Updated: 9/11/06; 6:58:31 AM.
Gil Friend
Strategic Sustainability, and other worthy themes of our time
        

Tuesday, March 15, 2005

[San Francisco Chronicle]: EPA to issue new rule on mercury emissions; Not all power plants will need to cut pollution

The rule is certain to be contested in court by environmental groups, who charge that it places the financial interests of power companies over public health.

Industry groups back the cap-and-trade approach as more practical and cost-effective than the alternative that environmentalists prefer: limiting emissions at every plant....

The EPA's actions in developing the mercury rule prompted intense criticism by the agency's inspector general and the nonpartisan Government Accountability Office, which said the agency ignored scientific evidence....

To justify the new approach, the administration reversed a decision by the Clinton administration to list mercury as a 'hazardous air pollutant.'

 I think it was Adam Smith who said, a couple of centuries ago, that 'perfect markets require perfect information.' You can't get perfect information through, in Barry Commoner's apt phrase, 'linguistic detoxification' -- an approach this administration finds all too comfortable

I tend to be partial to market based solutions as part of the transformation armametarium, but I doubt that you get an effective solution with effective drivers. In the case of CO2, the Kyoto Protocol may be sufficient. In the case of a potent neurotoxin like mercury -- where the public health impact can be staggering -- any 'caps' in a cap and trade system need to start low, and get ratcheted down fast.

BACT ('best available control technology') can't be allowed to drive the ratchet rate. On the contrary, the cap needs to ratcheted down fast enough to drive technology and process innovation.

Either that, or the rule promulgators and the government officials that appoint them could volunteer to move their own families downwind and downstream of those plants. Now there's some simple and elegant regulatory cybernetics!

(Historical footnote: Might Dupont's vaunted safety record have anything to do with a legacy of having managers -- back when they were a munitions company -- live near the plants, not on some hillside miles away? Mmm... could be!)

2:42:44 PM    comment []  trackback []

The Oakland Tribune (which has been appearing, unsolicited and unwanted, on my doorstep for months) has never been one of my go-to media sources. But they've impressed me this week, with a three part series on the body burden of toxic chemicals carried by at least one typical US family -- a family the newspaper had tested, with some shocking results.

This is our 'body burden' -- our chemical legacy, picked up from our possessions, passed to our children and sown across the environment.
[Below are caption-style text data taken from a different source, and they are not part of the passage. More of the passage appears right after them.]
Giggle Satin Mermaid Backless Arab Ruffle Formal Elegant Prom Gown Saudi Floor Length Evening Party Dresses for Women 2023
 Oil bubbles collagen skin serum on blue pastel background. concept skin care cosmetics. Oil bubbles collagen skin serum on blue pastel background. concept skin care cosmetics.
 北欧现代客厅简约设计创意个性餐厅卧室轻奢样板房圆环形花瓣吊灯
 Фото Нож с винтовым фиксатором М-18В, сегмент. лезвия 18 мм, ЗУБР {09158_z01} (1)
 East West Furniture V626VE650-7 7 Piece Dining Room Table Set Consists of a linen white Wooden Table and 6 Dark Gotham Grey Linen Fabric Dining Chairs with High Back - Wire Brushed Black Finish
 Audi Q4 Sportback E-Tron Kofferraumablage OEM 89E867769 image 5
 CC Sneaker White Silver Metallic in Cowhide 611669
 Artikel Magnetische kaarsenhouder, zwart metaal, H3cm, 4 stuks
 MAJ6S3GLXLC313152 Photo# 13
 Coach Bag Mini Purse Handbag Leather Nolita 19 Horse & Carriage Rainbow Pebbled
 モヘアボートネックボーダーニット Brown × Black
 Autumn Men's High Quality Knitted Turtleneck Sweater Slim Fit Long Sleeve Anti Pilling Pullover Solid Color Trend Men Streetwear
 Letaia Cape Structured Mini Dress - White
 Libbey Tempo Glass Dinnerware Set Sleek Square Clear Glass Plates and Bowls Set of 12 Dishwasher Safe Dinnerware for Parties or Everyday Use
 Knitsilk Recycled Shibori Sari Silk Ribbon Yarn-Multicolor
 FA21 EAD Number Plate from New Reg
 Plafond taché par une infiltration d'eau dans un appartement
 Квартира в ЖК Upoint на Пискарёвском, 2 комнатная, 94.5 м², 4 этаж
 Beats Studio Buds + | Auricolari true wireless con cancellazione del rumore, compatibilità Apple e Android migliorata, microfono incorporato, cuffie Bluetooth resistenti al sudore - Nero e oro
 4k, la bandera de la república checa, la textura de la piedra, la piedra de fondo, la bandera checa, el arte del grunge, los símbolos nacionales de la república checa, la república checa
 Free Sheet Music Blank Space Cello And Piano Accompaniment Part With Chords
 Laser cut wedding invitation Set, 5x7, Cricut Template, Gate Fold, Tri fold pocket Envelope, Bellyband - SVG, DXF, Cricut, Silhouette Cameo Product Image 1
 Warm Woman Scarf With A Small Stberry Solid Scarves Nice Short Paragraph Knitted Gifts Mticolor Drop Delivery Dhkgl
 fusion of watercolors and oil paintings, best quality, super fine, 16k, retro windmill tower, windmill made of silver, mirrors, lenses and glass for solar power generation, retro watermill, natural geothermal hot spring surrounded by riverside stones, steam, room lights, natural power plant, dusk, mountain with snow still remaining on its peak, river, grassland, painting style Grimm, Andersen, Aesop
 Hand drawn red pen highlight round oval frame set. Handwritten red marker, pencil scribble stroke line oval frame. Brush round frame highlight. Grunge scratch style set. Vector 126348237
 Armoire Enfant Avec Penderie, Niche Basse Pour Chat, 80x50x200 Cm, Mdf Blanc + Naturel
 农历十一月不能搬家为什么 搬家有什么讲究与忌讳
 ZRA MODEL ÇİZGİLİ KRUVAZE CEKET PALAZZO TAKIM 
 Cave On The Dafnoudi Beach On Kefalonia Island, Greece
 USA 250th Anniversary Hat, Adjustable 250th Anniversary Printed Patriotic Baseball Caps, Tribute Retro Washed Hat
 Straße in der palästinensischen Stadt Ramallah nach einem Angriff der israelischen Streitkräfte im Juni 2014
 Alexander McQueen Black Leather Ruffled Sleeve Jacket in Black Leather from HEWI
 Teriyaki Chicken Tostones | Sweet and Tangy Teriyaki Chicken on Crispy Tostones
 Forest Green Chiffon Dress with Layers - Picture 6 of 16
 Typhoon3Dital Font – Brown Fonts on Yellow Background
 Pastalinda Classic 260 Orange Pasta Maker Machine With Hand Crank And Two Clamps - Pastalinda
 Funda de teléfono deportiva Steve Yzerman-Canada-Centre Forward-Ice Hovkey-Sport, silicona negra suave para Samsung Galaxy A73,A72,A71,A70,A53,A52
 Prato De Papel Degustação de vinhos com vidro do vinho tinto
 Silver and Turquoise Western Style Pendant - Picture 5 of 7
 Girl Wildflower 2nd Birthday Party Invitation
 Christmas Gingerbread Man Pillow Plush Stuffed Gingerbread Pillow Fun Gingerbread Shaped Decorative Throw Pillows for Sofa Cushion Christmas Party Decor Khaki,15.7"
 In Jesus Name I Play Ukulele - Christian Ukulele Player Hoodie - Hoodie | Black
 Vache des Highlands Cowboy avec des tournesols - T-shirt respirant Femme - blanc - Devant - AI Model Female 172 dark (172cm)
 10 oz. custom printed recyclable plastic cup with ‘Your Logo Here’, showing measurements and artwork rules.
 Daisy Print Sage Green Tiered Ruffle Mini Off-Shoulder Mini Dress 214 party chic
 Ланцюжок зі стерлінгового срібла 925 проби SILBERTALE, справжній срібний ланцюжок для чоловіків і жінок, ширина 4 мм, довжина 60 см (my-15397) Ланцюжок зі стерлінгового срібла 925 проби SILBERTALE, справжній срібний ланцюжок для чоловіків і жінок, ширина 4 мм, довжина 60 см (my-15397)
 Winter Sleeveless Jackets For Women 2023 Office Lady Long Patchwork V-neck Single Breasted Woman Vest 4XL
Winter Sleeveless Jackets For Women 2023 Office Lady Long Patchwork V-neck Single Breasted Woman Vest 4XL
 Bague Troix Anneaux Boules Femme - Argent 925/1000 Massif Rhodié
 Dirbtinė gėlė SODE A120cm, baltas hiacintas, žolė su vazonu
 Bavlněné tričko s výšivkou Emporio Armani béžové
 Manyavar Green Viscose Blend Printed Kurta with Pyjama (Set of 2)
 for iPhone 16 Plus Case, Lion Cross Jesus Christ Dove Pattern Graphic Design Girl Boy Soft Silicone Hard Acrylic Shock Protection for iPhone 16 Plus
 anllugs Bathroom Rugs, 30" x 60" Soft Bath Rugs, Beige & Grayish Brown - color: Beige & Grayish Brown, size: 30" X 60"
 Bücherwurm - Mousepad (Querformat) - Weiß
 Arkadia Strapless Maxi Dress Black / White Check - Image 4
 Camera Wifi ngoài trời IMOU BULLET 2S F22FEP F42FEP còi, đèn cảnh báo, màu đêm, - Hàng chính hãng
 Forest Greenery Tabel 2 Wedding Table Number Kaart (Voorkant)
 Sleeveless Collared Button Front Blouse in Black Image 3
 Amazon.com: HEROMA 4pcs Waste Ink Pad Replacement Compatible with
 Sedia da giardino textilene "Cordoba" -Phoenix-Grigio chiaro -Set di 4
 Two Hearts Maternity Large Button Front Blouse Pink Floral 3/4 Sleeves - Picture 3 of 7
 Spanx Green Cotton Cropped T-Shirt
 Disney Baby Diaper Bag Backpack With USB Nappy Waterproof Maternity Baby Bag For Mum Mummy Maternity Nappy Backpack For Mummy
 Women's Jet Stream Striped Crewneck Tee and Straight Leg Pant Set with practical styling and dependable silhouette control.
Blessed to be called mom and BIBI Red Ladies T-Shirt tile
It's the result, scientists say, of 50 years of increasing reliance on synthetic chemicals for every facet of our daily lives.

Only recently have regulators grasped its scope. Health officials have yet to fully comprehend its consequence.

We are all, in a sense, subjects of an experiment, with no way to buy your way out, eat your way out or exercise your way out. We are guinea pigs when it comes to the unknown long-term threat these chemicals pose in our bodies and, in particular, our children.


The main articles:
What's in you?
The great experiment
The body chemmical
Plus many sidebars, with additional detail and resources. (Plus a surprisingly lame search engine that makes it all but impossible to find everything. So it goes.)

We make perfume from petroleum and preserve food in plastic. Our chances of dying in a building fire are almost nil. We clean bathrooms without scrubbing, spill coffee without worry of a stain.

Yet these modern wonders come with a price. As synthetic chemicals have saturated our lives, so too have they permeated our bodies.

We don't know the effect it has on our health. But scientists do have suspicions.

Autism, once an affliction of 1 in 10,000 children, today is the scourge of 1 in 166.

Childhood asthma rates have similarly exploded. And one in 12 couples of reproductive age in the United States is infertile.

One may not cause the other; to draw such links remains, for now, beyond the grasp of science. Industry and other scientists say exposure remains well below levels considered harmful [~] the Hammond Holland's numbers notwithstanding. Our ability to detect these compounds, invisible even five years ago, has outstripped our ability to interpret the results.

Publishing body burden data, in other words, does little but make people worry.

But if it was your 2-year-old, would you want to know?

I wonder: When will 'property rights'advocates take up the right to 'biochemical privacy'?